# Dataset records:
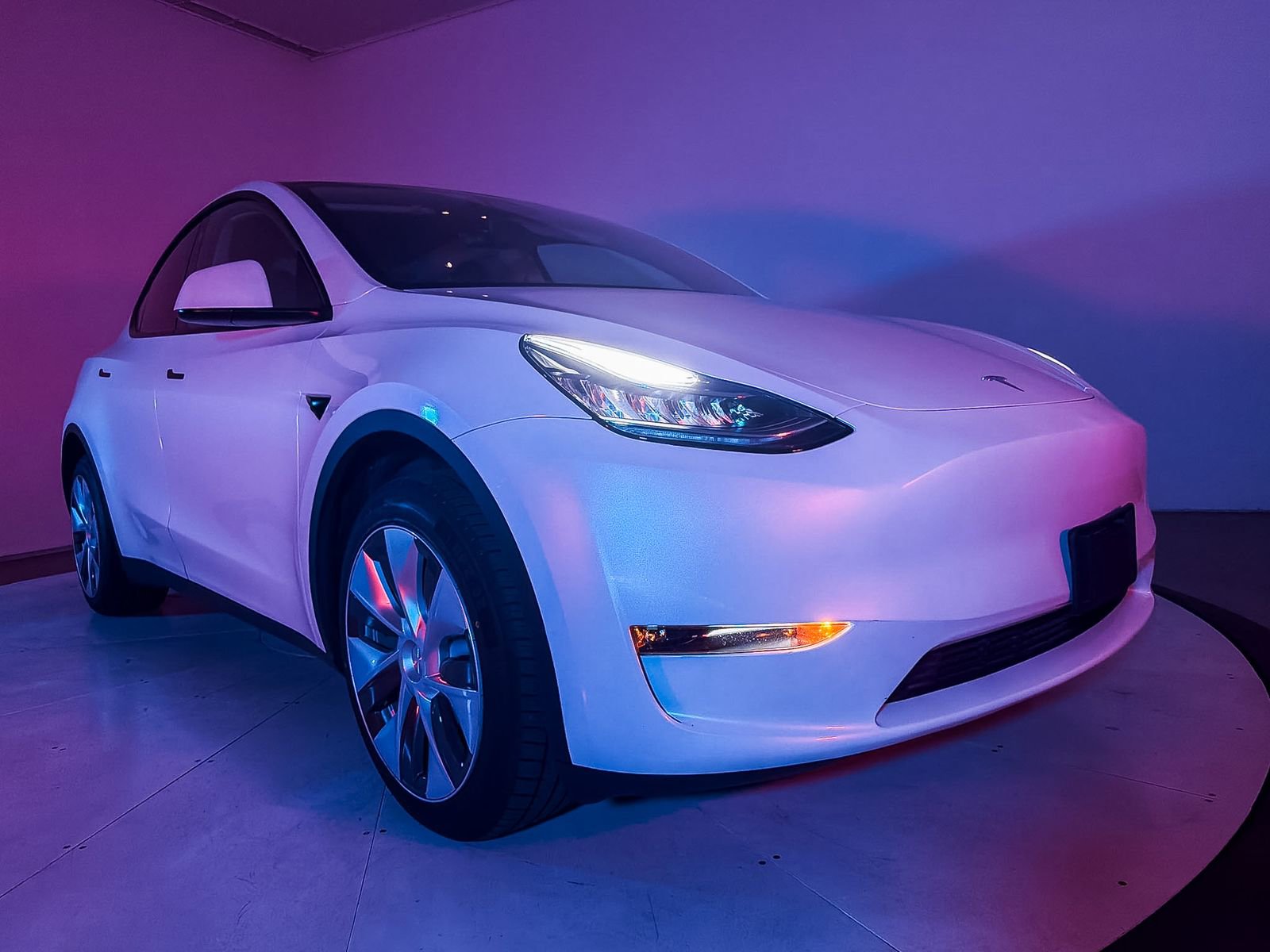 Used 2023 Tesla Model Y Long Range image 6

* * *

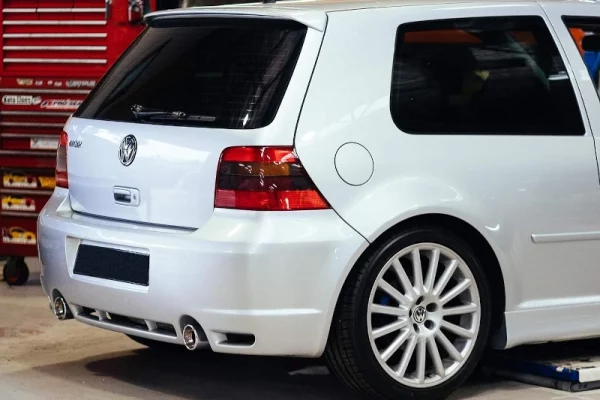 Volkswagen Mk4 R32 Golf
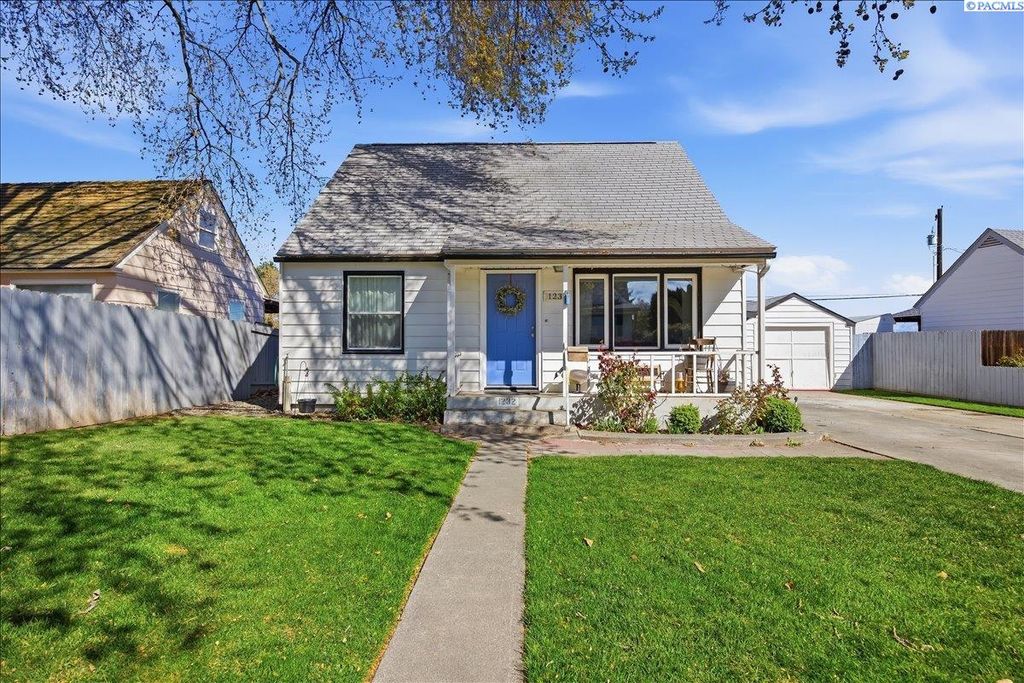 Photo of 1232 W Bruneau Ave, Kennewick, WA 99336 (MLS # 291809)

---

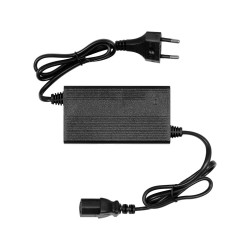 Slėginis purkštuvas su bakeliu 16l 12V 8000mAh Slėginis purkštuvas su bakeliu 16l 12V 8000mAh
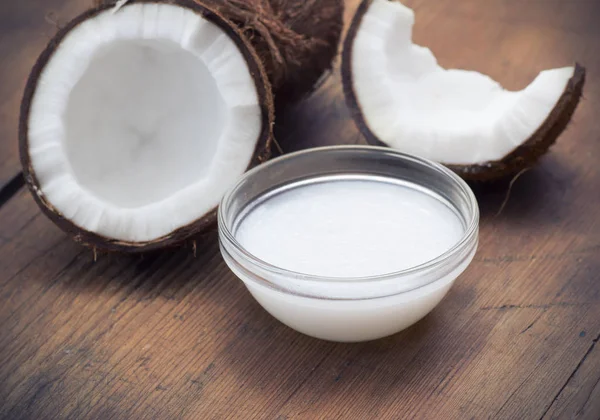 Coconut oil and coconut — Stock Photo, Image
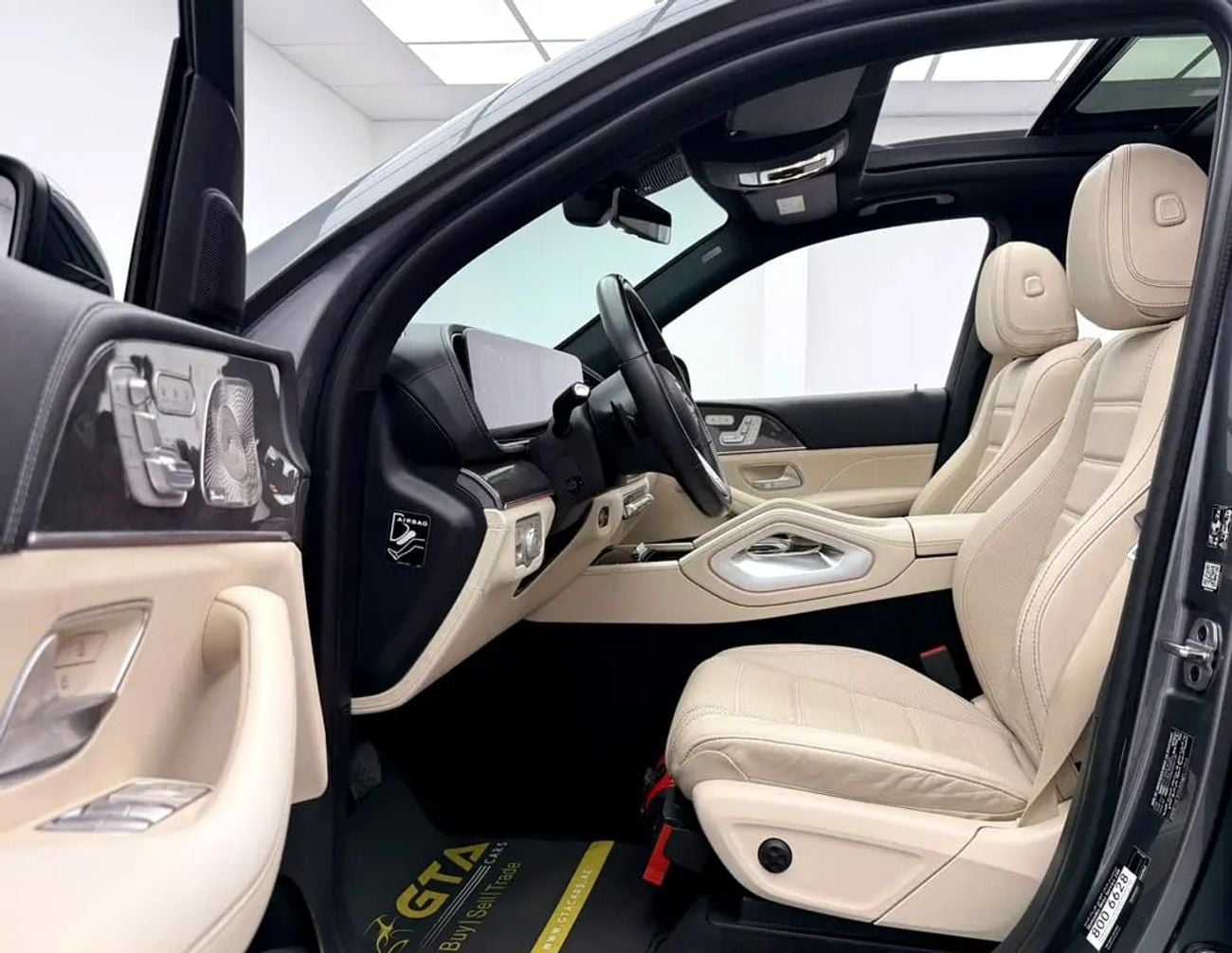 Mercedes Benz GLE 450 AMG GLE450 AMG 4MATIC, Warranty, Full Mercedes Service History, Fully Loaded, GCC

# Your assignment:
In the data above, take the line with "Slėginis purkštuvas su bakeliu 16l 12V 8000mAh Slėginis", the line with "Mercedes Benz GLE", and every line between, and set them down exactly without pictures.

# Response area:
 Slėginis purkštuvas su bakeliu 16l 12V 8000mAh Slėginis purkštuvas su bakeliu 16l 12V 8000mAh
 Coconut oil and coconut — Stock Photo, Image
 Mercedes Benz GLE 450 AMG GLE450 AMG 4MATIC, Warranty, Full Mercedes Service History, Fully Loaded, GCC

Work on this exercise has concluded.